A lateral power metal-oxide-semiconductor field effect
transistor (MOSFET) having a gate structure in which the insulated
gate is coupled to the gate electrode through contacts at a
plurality of locations. The source electrode includes first and
second segments. The first segment is interposed between the drain
electrode and the gate electrode and acts as a field plate.
Inventors: |
Disney, Donald Ray;
(Cupertino, CA) ; Grabowski, Wayne Bryan; (Los
Altos, CA) |
Correspondence
Address: |
BURGESS & BEREZNAK LLP
800 WEST EL CAMINO REAL
SUITE 180
MOUNTAIN VIEW
CA
94040
US
|
Assignee: |
Power Integrations, Inc.
5245 Hellyer Avenue
San Jose
CA
95138
|
Family ID: |
21778744 |
Appl. No.: |
10/016748 |
Filed: |
October 29, 2001 |
Current U.S.
Class: |
257/401 ;
257/E29.116; 257/E29.12; 257/E29.122; 257/E29.133; 257/E29.134;
257/E29.136; 257/E29.268 |
Current CPC
Class: |
H01L 29/41725 20130101;
H01L 29/42372 20130101; H01L 29/7835 20130101; H01L 29/402
20130101; H01L 29/4238 20130101; H01L 29/41775 20130101; H01L
29/41758 20130101; H01L 29/42368 20130101 |
Class at
Publication: |
257/401 |
International
Class: |
H01L 031/0328 |
Claims
I claim:
1. A field-effect transistor comprising: elongated source and drain
regions separated by a channel region; an insulated gate disposed
over the channel region; a drain electrode coupled to the drain
region; a gate electrode coupled to the insulated gate through
first and second contacts located at respective first and second
contact regions of the insulated gate, the first and second regions
being separated by a contact-free region; and a source electrode
coupled to the source region, the source electrode including first
and second segments, the first segment being interposed between the
drain electrode and the gate electrode.
2. The field-effect transistor according to claim 1 wherein the
second segment of the source electrode is disposed substantially
over the source region.
3. The field-effect transistor according to claim 2 wherein the
drain electrode is disposed substantially over the drain
region.
4. The field-effect transistor according to claim 3 wherein the
source and drain electrodes each include a field plate portion.

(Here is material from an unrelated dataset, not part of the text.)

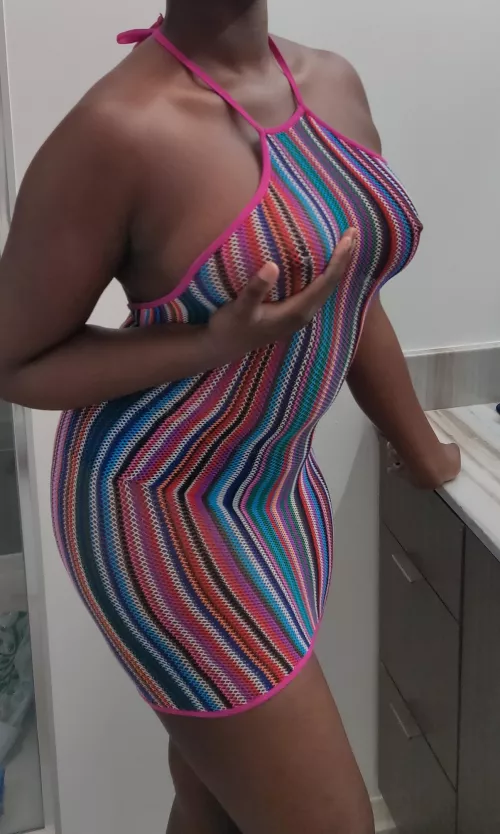 Oops-- left my bikini top in the hotel room😏... do you think the lifeguard would notice? 🤔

5. The field-effect transistor according to claim 1 wherein the
first and second segments are disposed on opposite sides of the
gate electrode.
6. The field-effect transistor according to claim 1 wherein the
first and second segments surround the gate electrode.
7. The field-effect transistor according to claim 1 wherein the
second segment is wider than the first segment.

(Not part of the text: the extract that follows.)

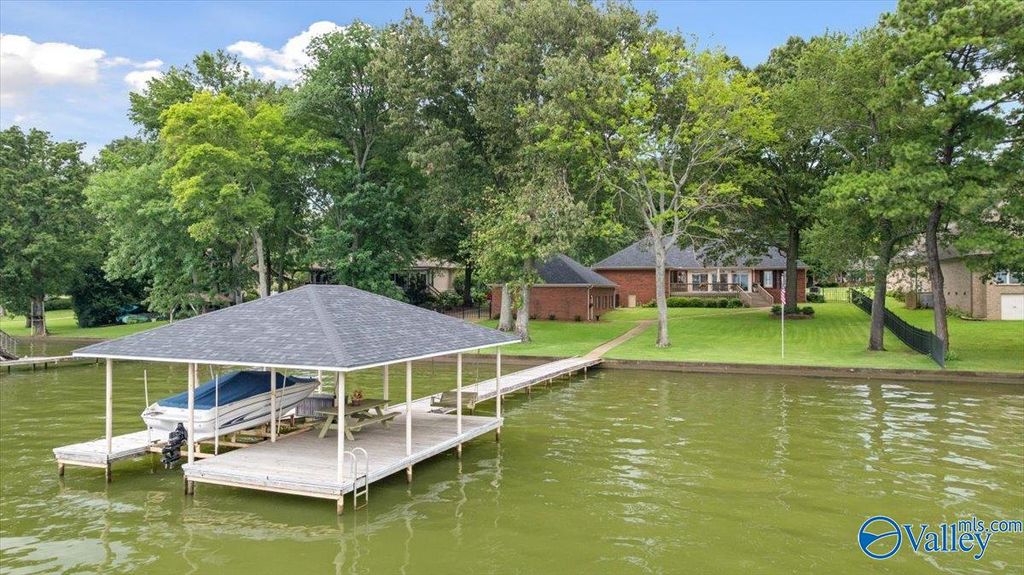 9649 Hawkins Drive, Athens, AL 35611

8. The field-effect transistor according to claim 1 wherein the
source and drain regions are interdigitated.
9. The field-effect transistor according to claim 1 wherein the
insulated gate has a first end and second end opposite the first
end, the first contact region being located at the first end and
the second contact region being located at the second end.
10. The field-effect transistor according to claim 1 wherein the
insulated gate has a first end and second end opposite the first
end, the first contact region being located at the first end and
the second contact region being located at an intermediate point
between the first and second ends, and wherein the gate electrode
is further coupled to the insulated gate through a third contact
located at a third contact region of the insulated gate, the third
contact region being located at the second end.

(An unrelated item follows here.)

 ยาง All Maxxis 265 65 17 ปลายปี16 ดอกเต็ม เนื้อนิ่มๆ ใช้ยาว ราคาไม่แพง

11. A lateral field-effect transistor comprising: elongated source
and drain regions separated by a channel region; an insulated gate
disposed over the channel region, the insulated gate having a first
end region and a second end region opposite the first end region; a
drain electrode coupled to the drain region; a gate electrode
coupled to the insulated gate through first and second contacts
located at the first and second end regions of the insulated gate,
respectively; and a source electrode coupled to the source region,
the source electrode including first and second segments, the first
segment being interposed between the drain electrode and the gate
electrode.
12. The lateral field-effect transistor according to claim 11
wherein the second segment of the source electrode is disposed
substantially over the source region.
13. The lateral field-effect transistor according to claim 12
wherein the drain electrode is disposed substantially over the
drain region.
14. The lateral field-effect transistor according to claim 11
wherein the source and drain electrodes each include a field plate
portion.
15. The lateral field-effect transistor according to claim 11
wherein the first and second segments are disposed on opposite
sides of the gate electrode.
16. The lateral field-effect transistor according to claim 11
wherein the first and second segments surround the gate
electrode.
17. The lateral field-effect transistor according to claim 11
wherein the second segment is wider than the first segment.
18. The lateral field-effect transistor according to claim 11
wherein the source and drain regions are interdigitated.
19. The lateral field-effect transistor according to claim 11
wherein the first segment of the source electrode is spaced
equidistant from the gate and drain electrodes.
20. The lateral field-effect transistor according to claim 11
wherein the insulated gate has an intermediate region between the
first and second end regions, and wherein the gate electrode is
further coupled to the insulated gate through a third contact
located at the intermediate region.
21. A lateral power MOSFET comprising: an elongated source region
interdigitated between a pair of drain regions, the source region
being separated from the pair of drain regions by a channel region,
the elongated source region having a first and second ends; an
insulated gate disposed over the channel region, the insulated gate
having a first portion that extends from adjacent the first end to
adjacent the second end along one side of the elongated source
region and a second portion that extends from adjacent the first
end to adjacent the second end along an opposite side of the
elongated source region; a drain electrode coupled to the drain
region; a gate electrode coupled to the insulated gate through
first and second contacts located at opposite ends of the first
portion of the insulated gate; and a source electrode coupled to
the elongated source region, the source electrode including first
and second elongated segments, the first elongated segment being
interposed between the drain electrode and the gate electrode.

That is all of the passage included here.